» **Exercise data**:
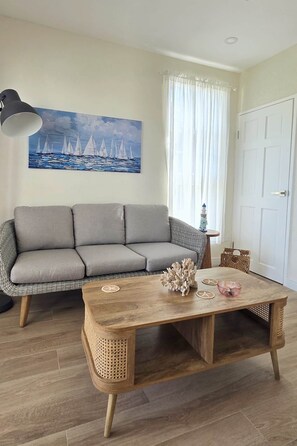 A living room with a grey sofa, a wooden coffee table, a painting of sailboats, a white door, and a lamp. - Two BD Villa No.2, West Rock Villas, St James (Mount Standfast)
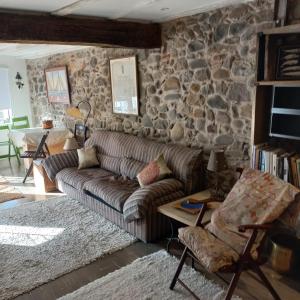 a living room with a couch and a stone wall at Apartamento Kuttun Bermeo in Bermeo +16 photos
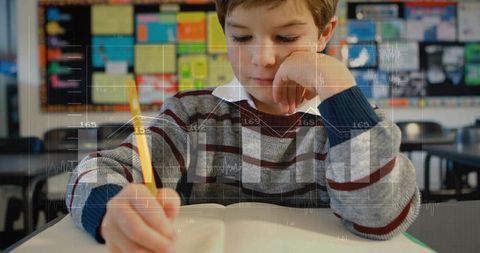 Elementary student writing in classroom with notebook and data overlays showing analytics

» **Problem details**:
Only the lines from the line with "a living room with a couch" through the final line of the material belong in the answer, copied exactly and without pictures.

» **Output**:
 a living room with a couch and a stone wall at Apartamento Kuttun Bermeo in Bermeo +16 photos
 Elementary student writing in classroom with notebook and data overlays showing analytics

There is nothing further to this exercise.